Mi  mente también se ha trocado en un conjunto de nuevos valores que ayudan a situar las cosas de mi entorno en una nueva escala. El trabajo es el gran perdedor de este cambio, y ganan las personas que me rodean. Ahora estoy más comunicativo, busco rostros, espa­cios y tiempos para el diálogo; y lo pon­go todo por encima de «formalismos la­borales o académicos» porque creo que el mejor fruto de nuestro paso por este mundo no está en una buen obra para las personas, sino en una buena vida en­tre personas.
 
 
 
Sigo removido por dentro y, como le digo a Belén, todavía estoy un poco descolocado. La gran diferencia es que no guardo nada, ni bueno ni malo, todo lo expreso, con el sentimiento verdadero, aún las lágrimas que socialmente se han prohibido al hombre por considerarlo erróneamente el sexo fuerte. Trato de dar sin dolor y sin alegría, simplemente porque ahora, a diferencia de antes, me sale. Mis sentidos se abren cada día más a respirar el mundo y a dejarme respirar, porque también en esto me siento trans­formar.
 
AUNQUE con los pies cada vez más seguros en la tierra que me vio na­cer, el cambio no lo hago sin miedos.

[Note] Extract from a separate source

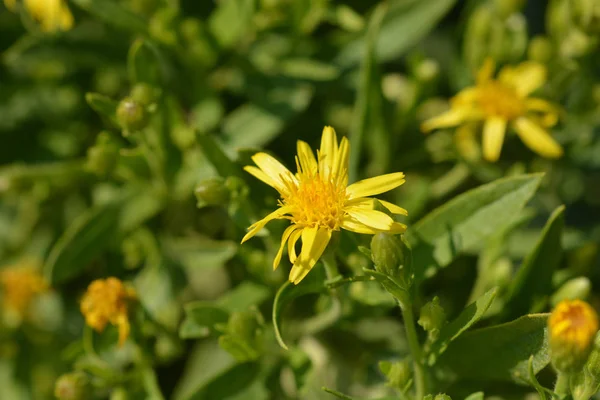 Sticky Fleabane Латинское Название Dittrichia Viscosa — стоковое фото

Tengo errores y tropezones, y muchos. El miedo mayor de todos soy yo mismo por no saber que seré en el futuro. En­tonces es cuando pienso que si soy fiel a ese camino de descenso, de ir eliminan­do lastres para poder volar, se cumplirá la paradoja de Jesucristo: cuando sea na­da, seré.
 
Siento el soplo del Espíritu allí donde se ven tumbadas mis expectativas y des­
cubro lo que hay en el fondo de mí y de­trás de esas esperanzas artificiales que muchas veces me he creado. Huyo del artificio del conocimiento por el conoci­miento, del Jesús enlatado y conservado. He descubierto que ni el papel ni las pa­labras pueden aguantar lo que realmen­te significó Jesús si no miramos día a día el corazón de las personas.
 
LA transformación que estoy vi­viendo me produce un dolor de corazón que sana, que remueve, que poco a poco va dando luz sobre quién soy y el reto que supone mi entorno. Dicho sin arro­gancia, siento que Dios se está hospe­dando a la espera de que logre consoli­dar este cambio, porque todavía no ha terminado.

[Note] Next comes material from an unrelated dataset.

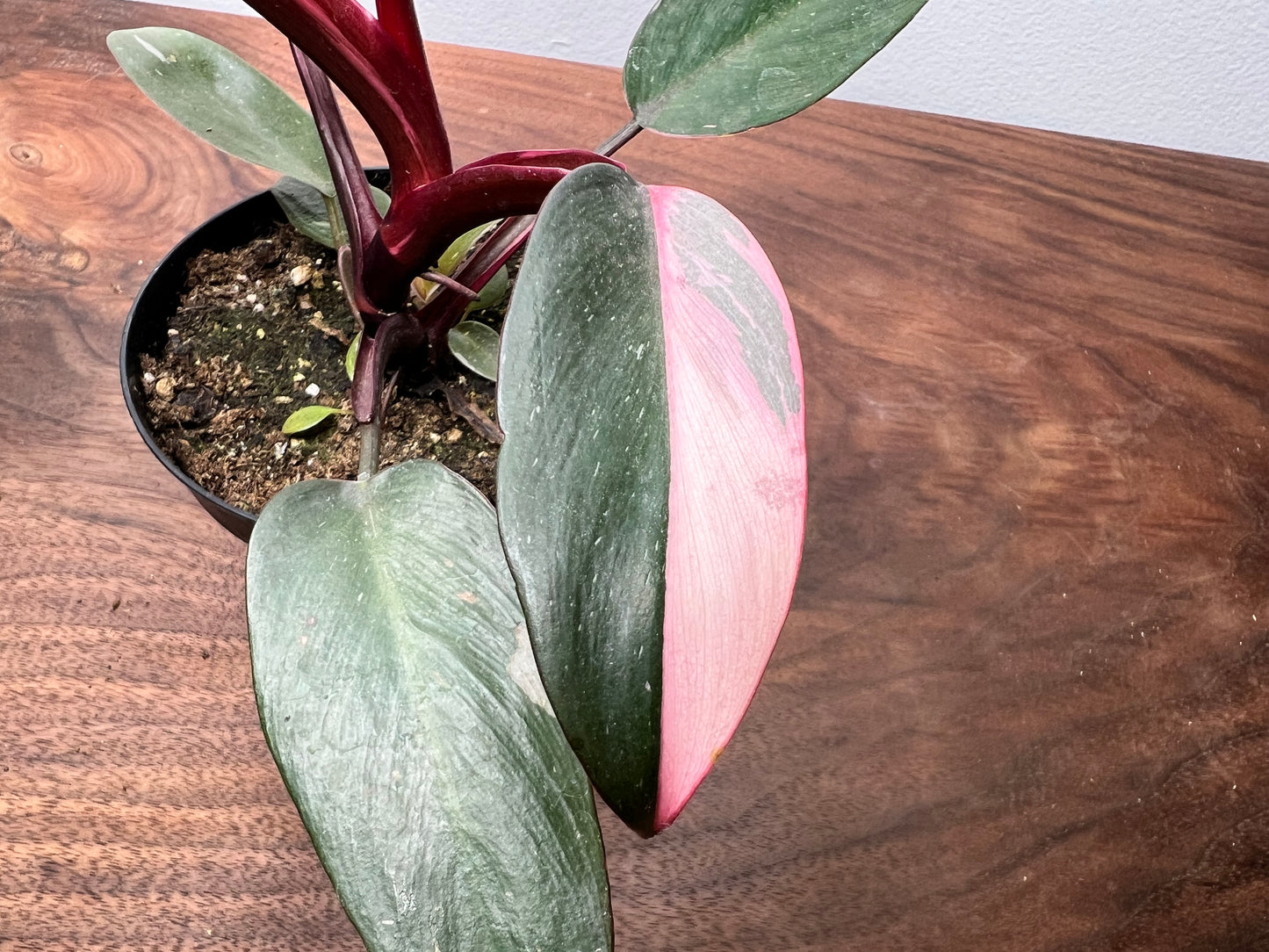 Philodendron-Pink princess 4”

Las personas que me conocen, me di­cen que me ven cambiado, más alegre. No se trata de la sonrisa idiota del que se deja llevar por una situación placentera, sino de la conciencia de estar llegando a una nueva etapa en mi vida: integral (cuerpo, mente y espíritu), integrada (con la fe, con la salud) e integradora de mí mismo y de mi entorno.
Gracias por este regalo que nunca ima­giné. Gracias por la comprensión de los que en mi entorno me siguen queriendo y aguantando, antes y ahora. Gracias por los aires que en el futuro soplarán de nuevo para remover mi vida.